WHAT NEEDS TO BE DONE
Look through the entries below for the line with "Radisson Blu Hotel, London" and the line with "Dark Side of Evil Long Sleeve", then give again exactly those two lines and all lines between them, minus the pictures.

SOURCE MATERIAL
◇ ◇ ◇ ◇ ◇
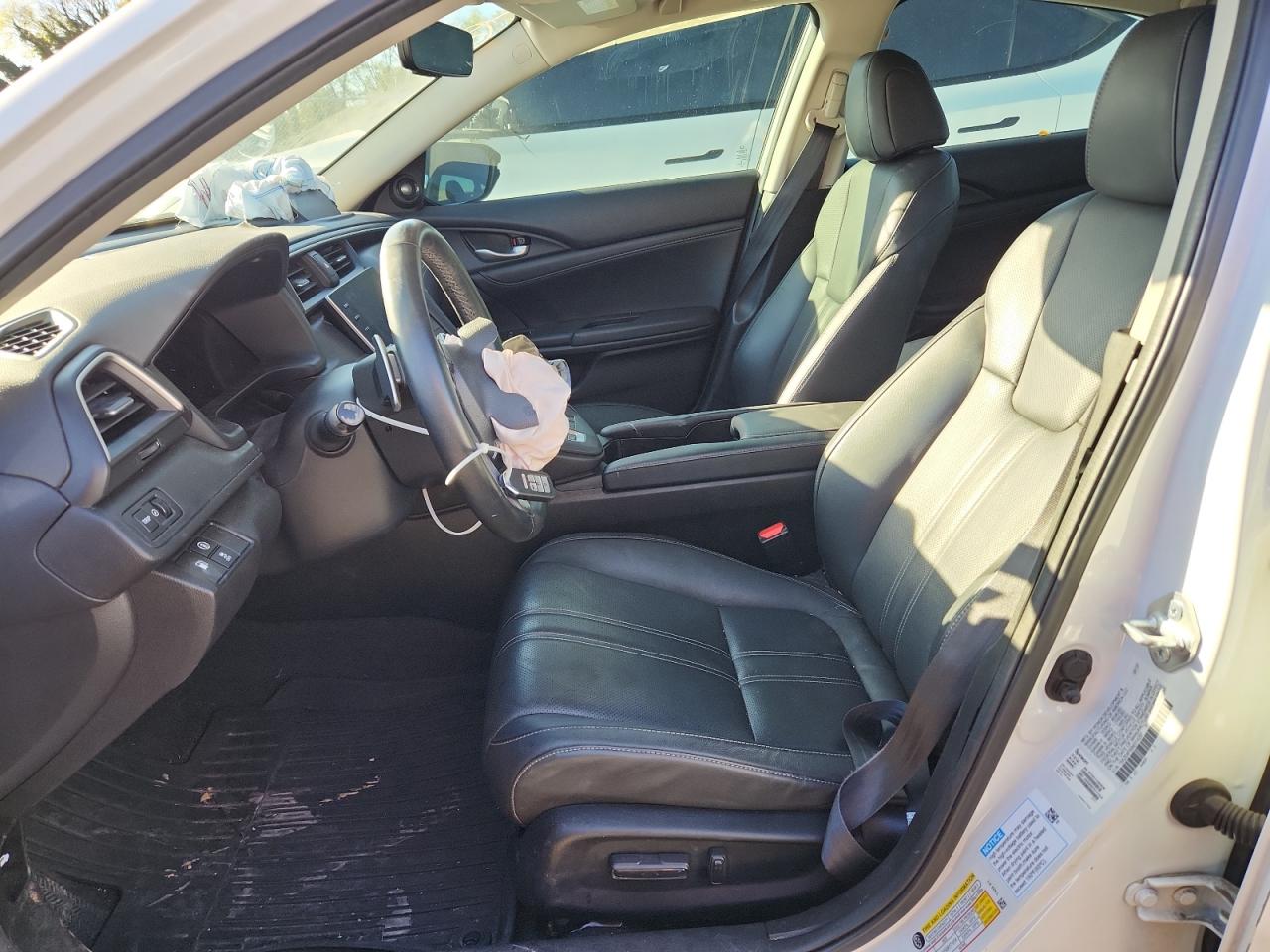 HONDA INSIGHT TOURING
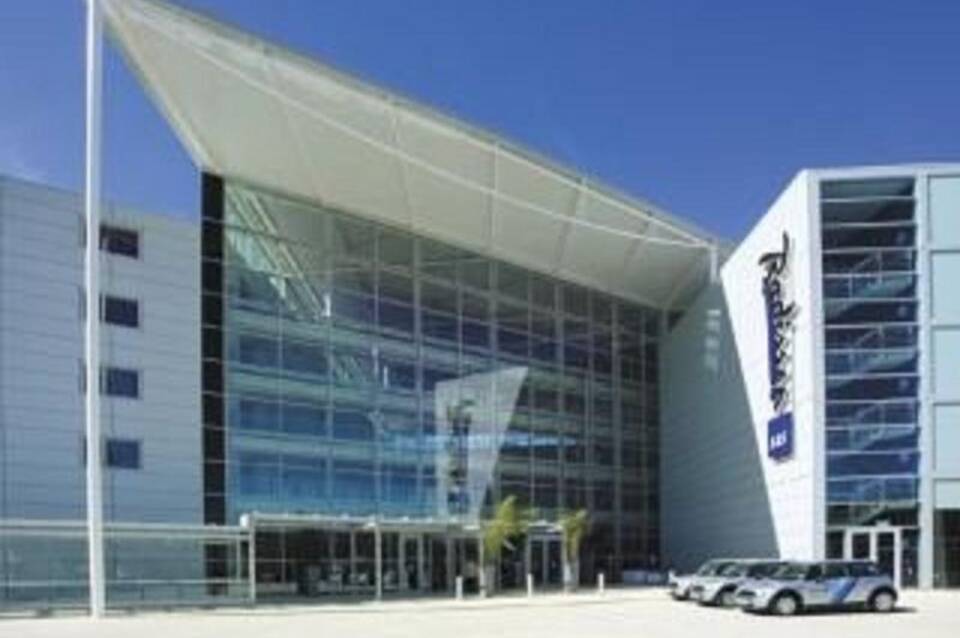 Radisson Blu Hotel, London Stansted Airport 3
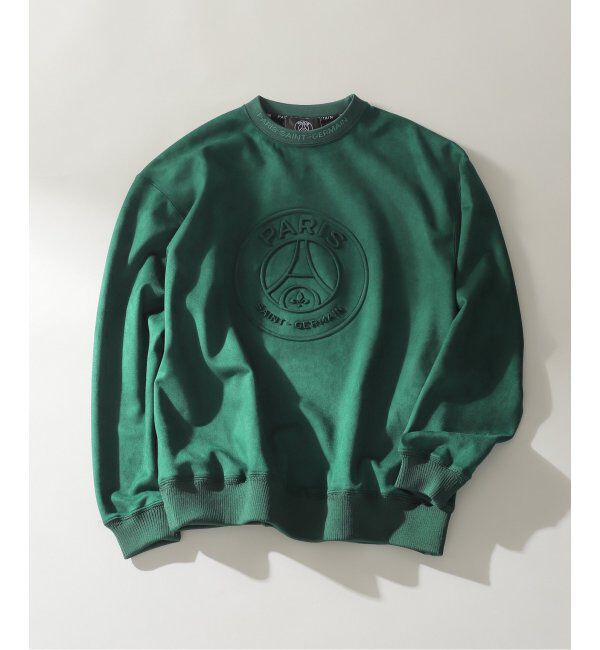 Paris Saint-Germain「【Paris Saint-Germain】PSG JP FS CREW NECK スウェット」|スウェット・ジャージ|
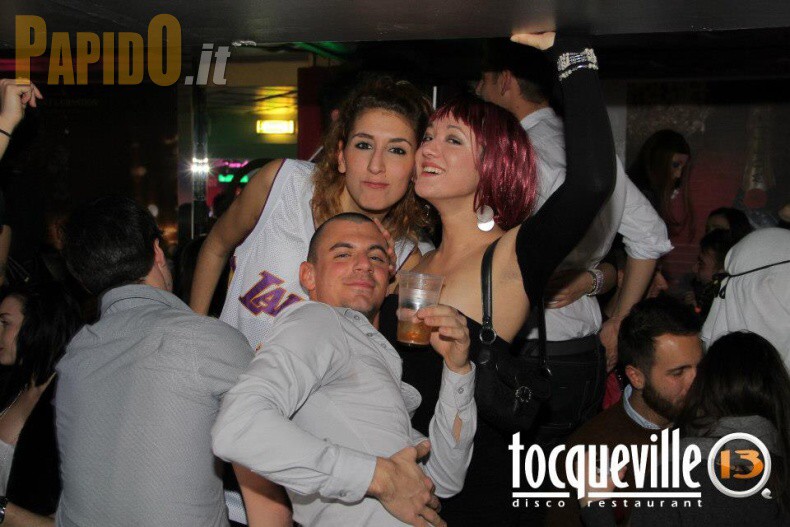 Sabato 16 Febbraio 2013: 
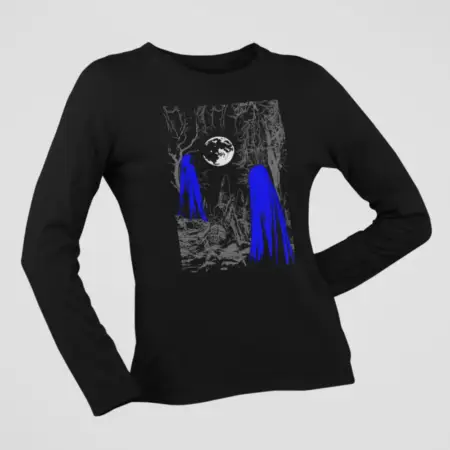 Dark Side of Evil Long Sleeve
◇ ◇ ◇ ◇ ◇
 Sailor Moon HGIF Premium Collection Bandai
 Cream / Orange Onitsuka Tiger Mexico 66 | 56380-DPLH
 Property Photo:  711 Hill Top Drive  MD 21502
◇ ◇ ◇ ◇ ◇
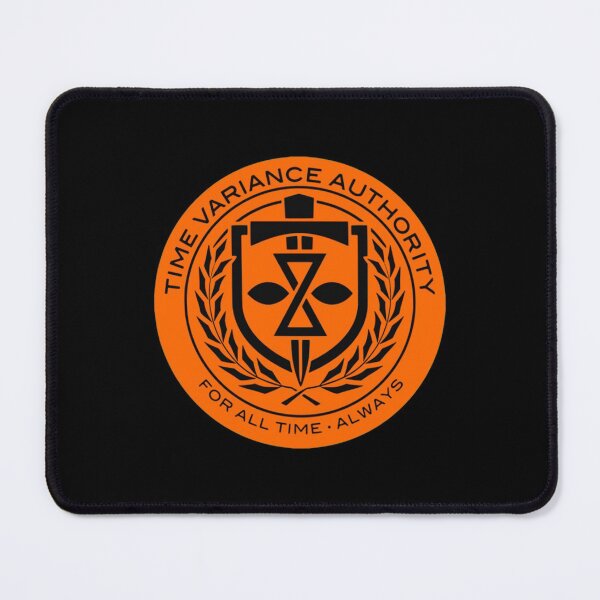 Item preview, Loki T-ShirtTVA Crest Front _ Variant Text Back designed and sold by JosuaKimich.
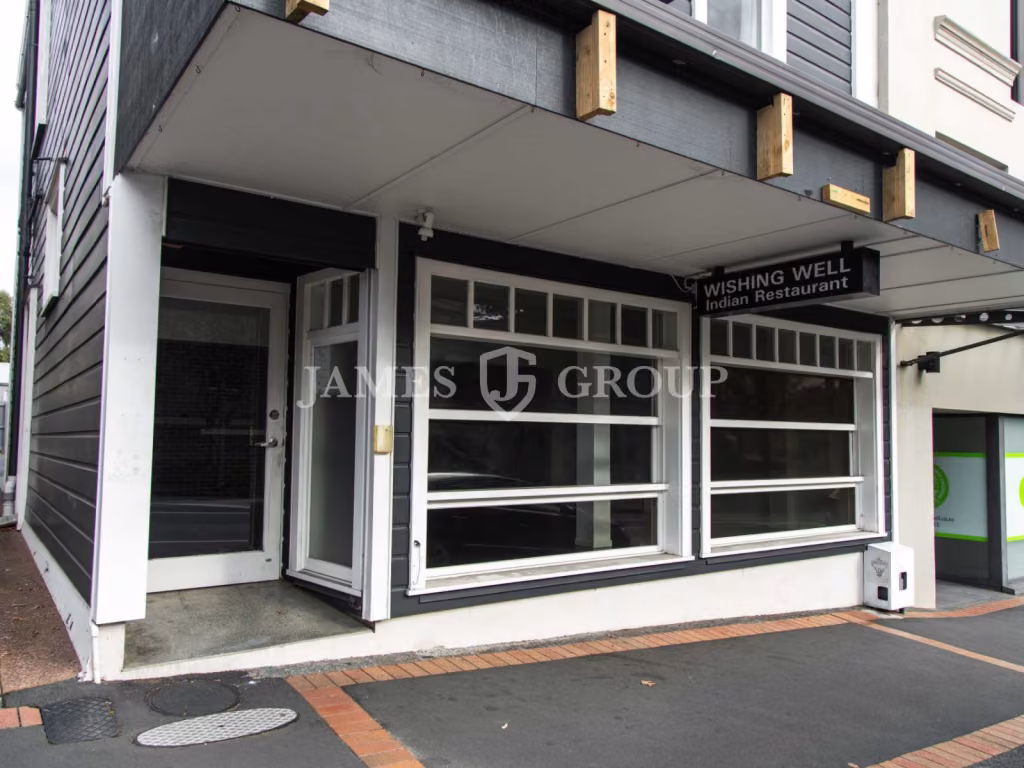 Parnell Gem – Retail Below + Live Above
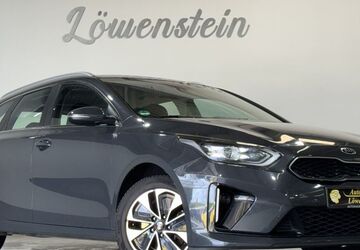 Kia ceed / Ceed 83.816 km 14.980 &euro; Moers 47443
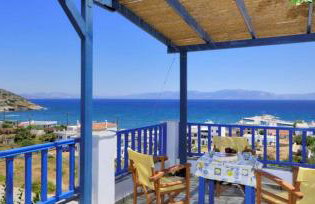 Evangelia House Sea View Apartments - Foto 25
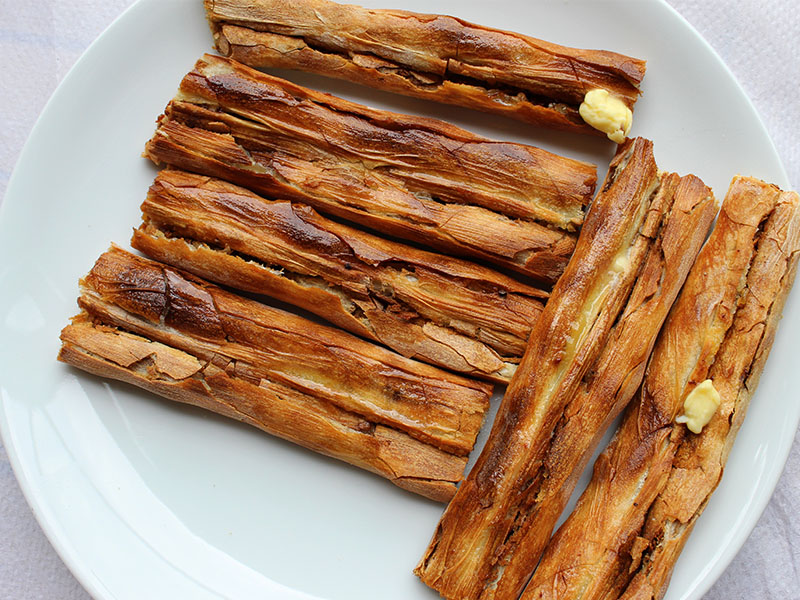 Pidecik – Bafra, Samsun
◇ ◇ ◇ ◇ ◇
ANSWER TO THIS EXERCISE
 Radisson Blu Hotel, London Stansted Airport 3
 Paris Saint-Germain「【Paris Saint-Germain】PSG JP FS CREW NECK スウェット」|スウェット・ジャージ|
 Sabato 16 Febbraio 2013: 
 Dark Side of Evil Long Sleeve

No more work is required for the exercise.